Work required:
An exact transcription of the lines from the one holding "Picturesque aerial view" to the end of the entries below, and nothing more, is the required answer. Please omit the pictures.

[Stored records]
◆ ◆ ◆ ◆
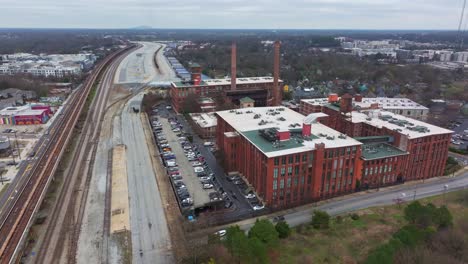 Aerial-of-the-vastness-of-Hulsey-Yard-stretching-east,-near-Cabbagetown-Fulton-Cotton-Mill-Lofts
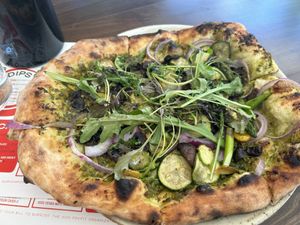 Flatbread with a delicious mix of greens 🥬   at Little Saint in Healdsburg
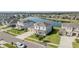 Picturesque aerial view of a two-story home with a well-maintained lawn, situated near a tranquil lake at 7811 Roma Dune Dr, Wesley Chapel, FL 33545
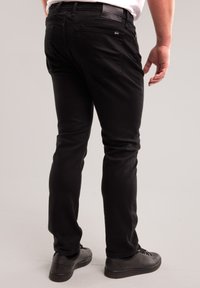 Fekete farmert és fekete tornacipőt viselő férfi, aki egy egyszerű világosszürke háttér előtt áll, hátulnézetben.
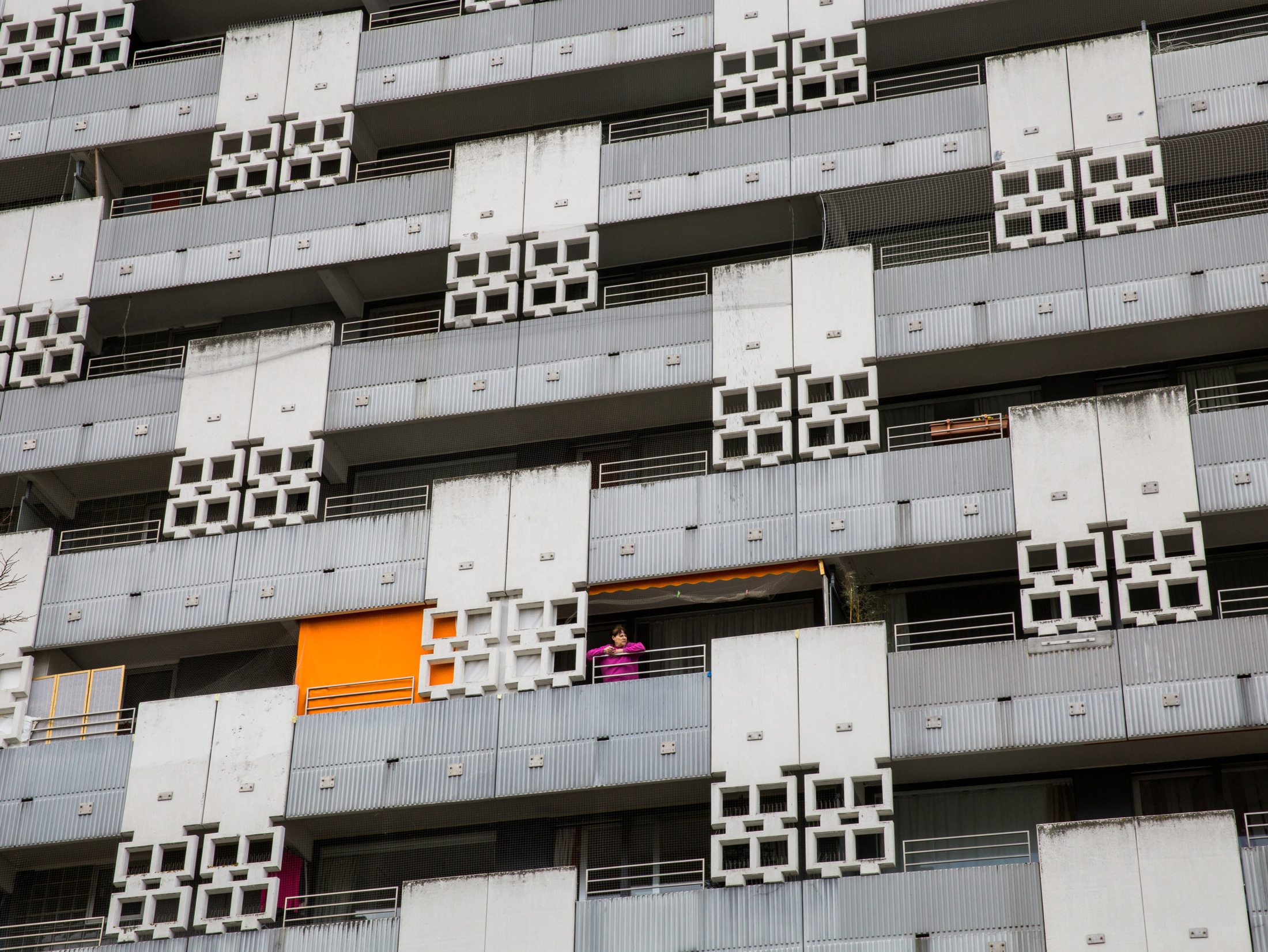 graue Häuserfassade mit Balkonen und einem orangenen Vorhang. Eine Frau steht auf einem der Balkone und sieht nach rechts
◆ ◆ ◆ ◆
Answer section:
 Picturesque aerial view of a two-story home with a well-maintained lawn, situated near a tranquil lake at 7811 Roma Dune Dr, Wesley Chapel, FL 33545
 Fekete farmert és fekete tornacipőt viselő férfi, aki egy egyszerű világosszürke háttér előtt áll, hátulnézetben.
 graue Häuserfassade mit Balkonen und einem orangenen Vorhang. Eine Frau steht auf einem der Balkone und sieht nach rechts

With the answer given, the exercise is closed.